(Beginning of AVAILABLE DATA)

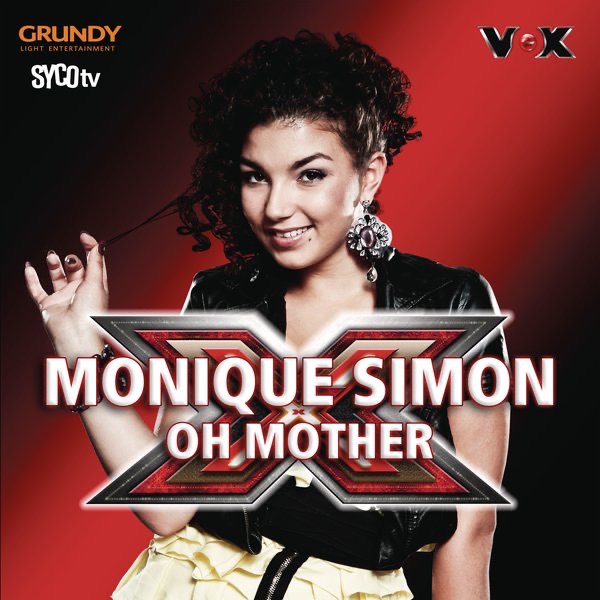 Обложка альбома «Oh Mother (X Factor Performance) - Single» — Monique Simon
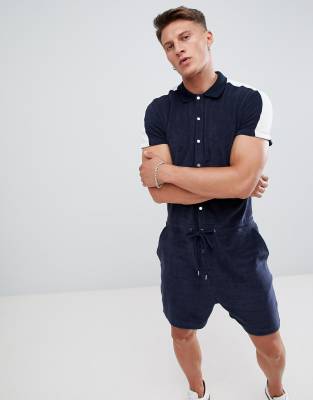 towelling jumpsuit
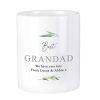 Personalised Gifts | Temptation Gifts Personalised 'Free Text' Botanic Ceramic Storage Pot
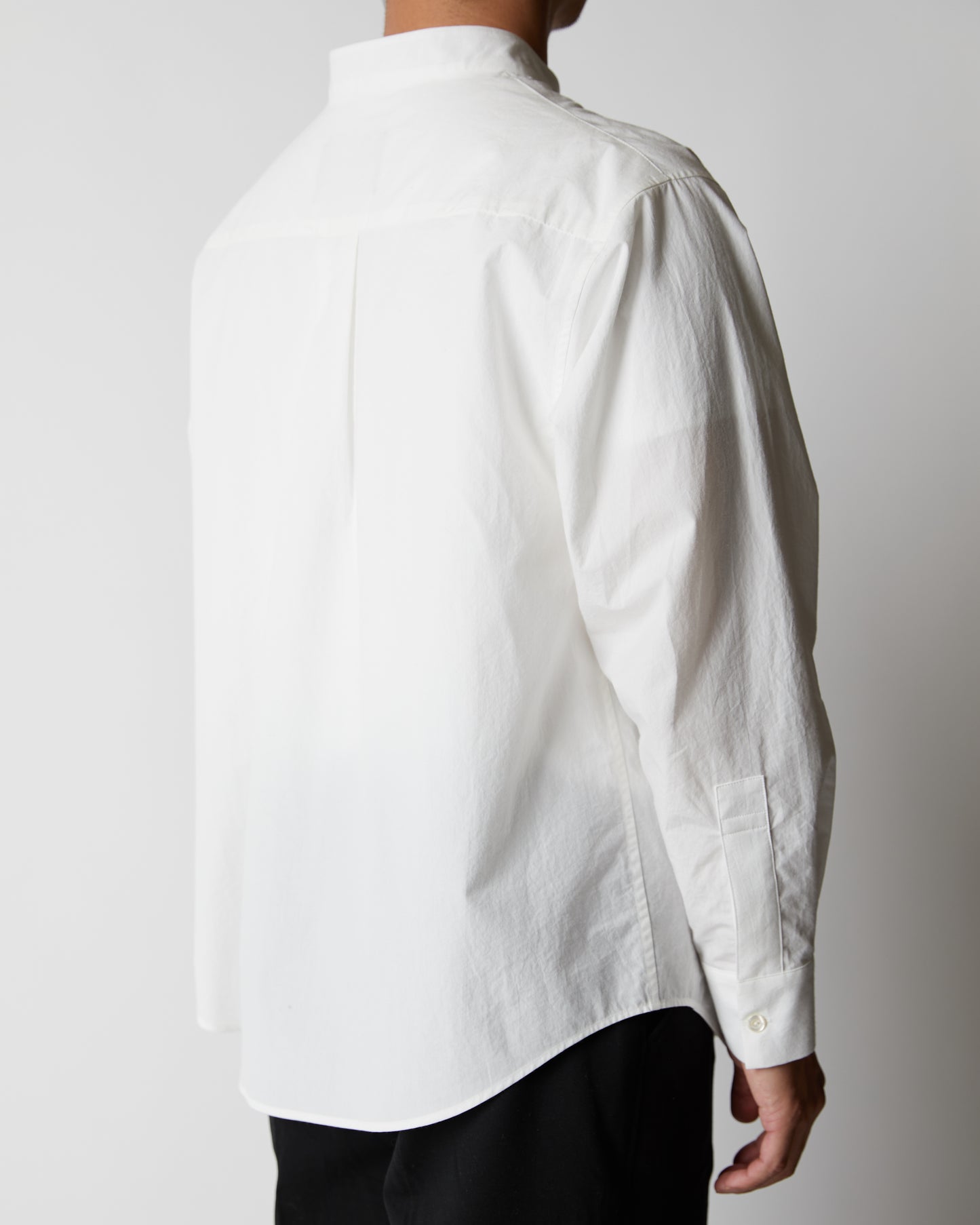 calm Stand collar Shirt(スタンドカラーシャツ)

(End of AVAILABLE DATA)

(WORK REQUIRED) Exactly as written, return each line above and leave the pictures behind.

(RESPONSE TO THIS EXERCISE)
 Обложка альбома «Oh Mother (X Factor Performance) - Single» — Monique Simon
 towelling jumpsuit
 Personalised Gifts | Temptation Gifts Personalised 'Free Text' Botanic Ceramic Storage Pot
 calm Stand collar Shirt(スタンドカラーシャツ)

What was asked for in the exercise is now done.